[Python-ideas] PEP 505 (None coalescing operators) thoughts
Emile van Sebille
emile at fenx.com
Tue Sep 29 22:50:43 CEST 2015
Thanks -- I think I've got a better handle now on the why of this
discussion.
Emile
On 9/29/2015 1:33 PM, Andrew Barnert via Python-ideas wrote:
> On Sep 29, 2015, at 09:58, Emile van Sebille <emile at fenx.com> wrote:
>>
>>> On 9/29/2015 9:20 AM, Rob Cliffe wrote:
>>> Why not
>>>
>>> def __init__(self, vertices=None, edges=None, weights=None,
>>> source_nodes=None):
>>> self.vertices = vertices if vertices is not None else []
>>> self.edges = edges if edges is not None else []

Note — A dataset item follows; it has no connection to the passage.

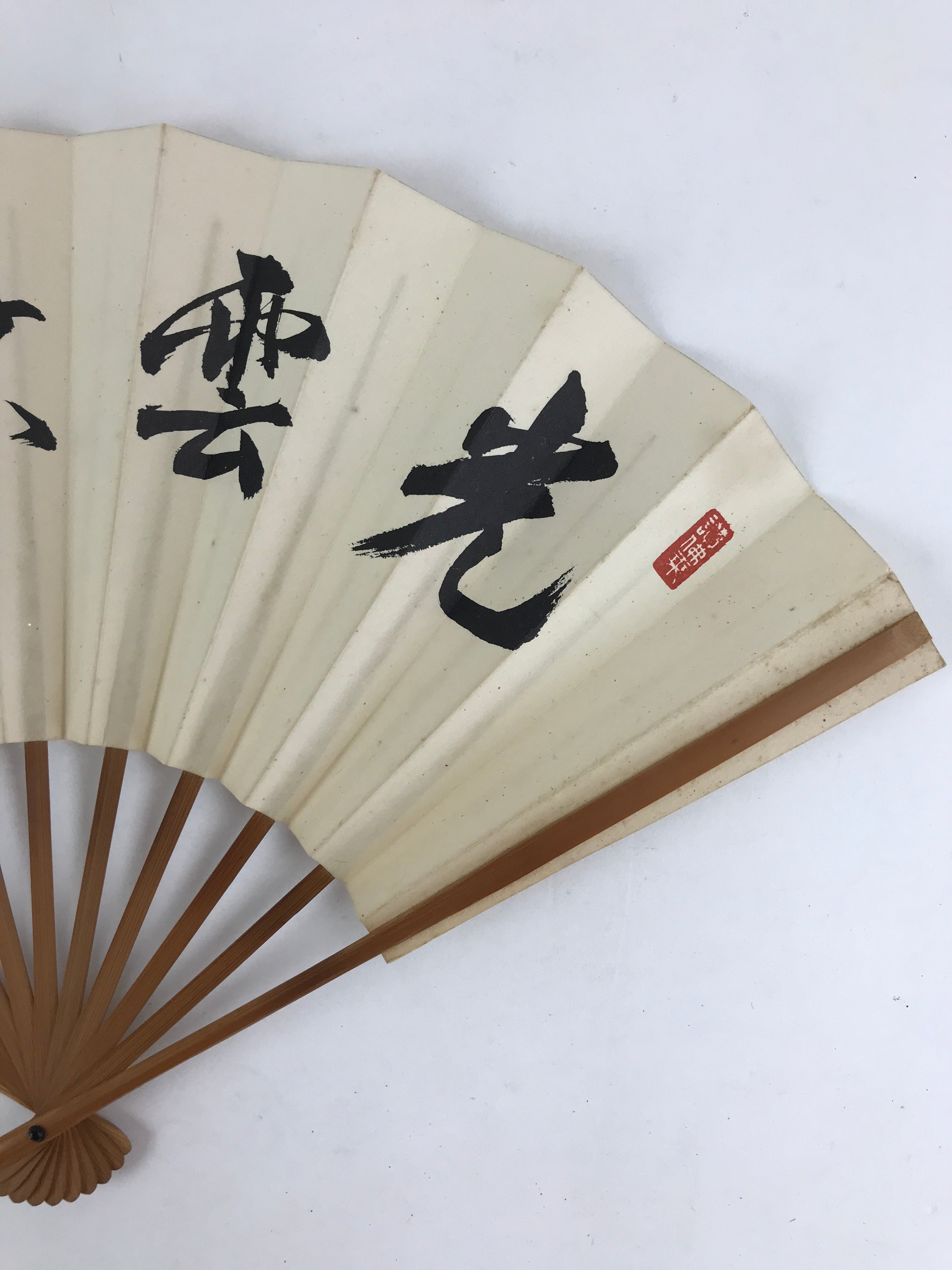Japanese Folding Fan Sensu Vtg Bamboo Frame Japanese Kanji Characters White 4D64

>>> self.weights = weights if weights is not None else {}
>>> self.source_nodes = source_nodes if source_nodes is not None else []
>>
>> I don't understand why not:
>>
>> self.vertices = vertices or []
>> self.edges = edges or []
>> self.weights = weights or {}
>> self.source_nodes = source_nodes or []
>
> Because empty containers are just as falsey as None.
>
> So, if I pass in a shared list, your "vertices or []" will replace it with a new, unshared list; if I pass a tuple because I need an immutable graph, you'll replace it with a mutable list; if I pass in a blist.sortedlist, you'll replace it with a plain list. Worse, this will only happen if the argument I pass happens to be empty, which I may not have thought to test for.
>
> This is the same reason you don't use "if spam:" when you meant "if spam is not None:", which is explained in PEP 8.
>
> Also, I believe the PEP for ternary if-else explains why this is an "attractive nuisance" misuse of or, as one of the major arguments for why a ternary expression should be added.